Cela signifie que pour cette sortie de crise, l’espoir des impacts macroéconomiques des vaccins l’emporte sur le désir de vaccination personnelle : à la faveur des explications et des désirs de sortie de crise, la « solution vaccinale » s’impose dans les esprits.
Singularité 2 : l’alliance des acteurs « Etat – entreprise – consommateurs » (double singularité)
La deuxième singularité réside en la nécessaire alliance des « acteurs de sortie de crise ». Alors qu’après la crise de 2008, le rôle de l’Etat apparaissait prépondérant, c’est désormais l’importance du triptyque Etat - entreprise - consommateur qui est soulignée :
- Aux yeux des Décideurs : 23 % (Etat), 32 % (entreprises et innovation), 26 % (consommateurs) ;
- Comme aux yeux des Français : 16 % (Etat), 30 % (entreprises et innovation), 34 % (consommateurs).
Là encore, c’est une double singularité qui prévaut : non seulement le triptyque est original, mais la place reconnue aux entreprises et à l’innovation, par les Décideurs comme par les Français, est frappante. Alors que la décision d’ « arrêter l’économie » a relevé des pouvoirs publics, on aurait pu imaginer que le plus grand nombre se tourne essentiellement vers l’Etat pour la reprise : l’idée d’innovation, d’une adaptation de l’économie progresse également en regard de cette crise.
Singularité 3 : l’aspiration à un « pack de réformes »
Le baromètre des Décideurs permettra désormais de mesurer de façon barométrique les leviers de la relance économique.

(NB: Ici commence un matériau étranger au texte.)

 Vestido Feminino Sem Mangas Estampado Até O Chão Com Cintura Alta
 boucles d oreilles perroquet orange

A ce jour, les réponses attendues plaident pour un « pack de réformes », autant dire pour un plan de relance multi-facteurs :
- En ligne avec une tendance globale à la réhabilitation de la souveraineté nationale et au produire local et consommer local, les Français (41 %) et Décideurs (43 %) jugent prioritaire d’aider les entreprises qui produisent en France.

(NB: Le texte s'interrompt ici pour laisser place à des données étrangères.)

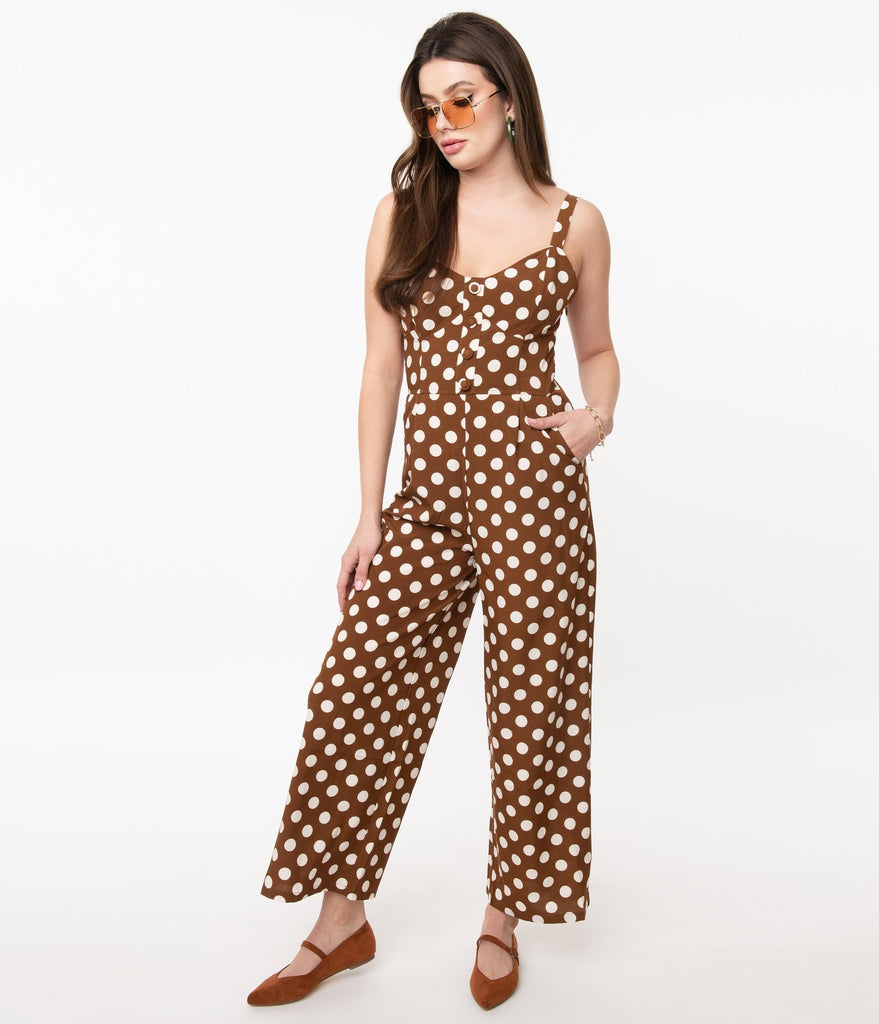 1970s Style Brown Ivory Polka Dot Print Jumpsuit Unique Vintage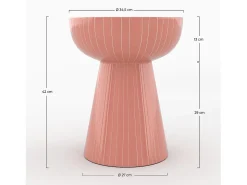 Mesa auxiliar redonda de metal rosa - Sidonie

- Les Français (42 %) et les Décideurs (37 %) estiment important de baisser l’imposition sur les ménages en France.
- C’est concernant la situation des jeunes que Français et Décideurs souhaitent que le gouvernement agisse, dans un contexte où s’installe une précarité pour une partie de ce public.
Singularité 4 : consommation, la part de « l’effet roaring »
Entre perspectives du retour des « années folles », apprentissage pérenne de la modération consommatrice voire tentations frugales, quel rôle précis jouera la consommation dans la « sortie de crise » ? De manière frappante, seuls 7 % des Français déclarent avoir l’intention de consommer « davantage » au sortie de cette crise par rapport à leurs usages antérieurs ; 57 % autant qu’avant et 32 %... moins qu’avant.
Si la consommation est appelée à reprendre et sur des rythmes supérieurs à ceux qu’elle connaissait avant « la crise », l’idée de « roaring twenties » faisant écho à celle des années 1920 n’émanera pas de l’ensemble des publics, loin s’en faut. Les moteurs de la reprise risquent à ce titre d’être asymétriques, ouvrant alors de nouveaux défis dans cette économie renaissante.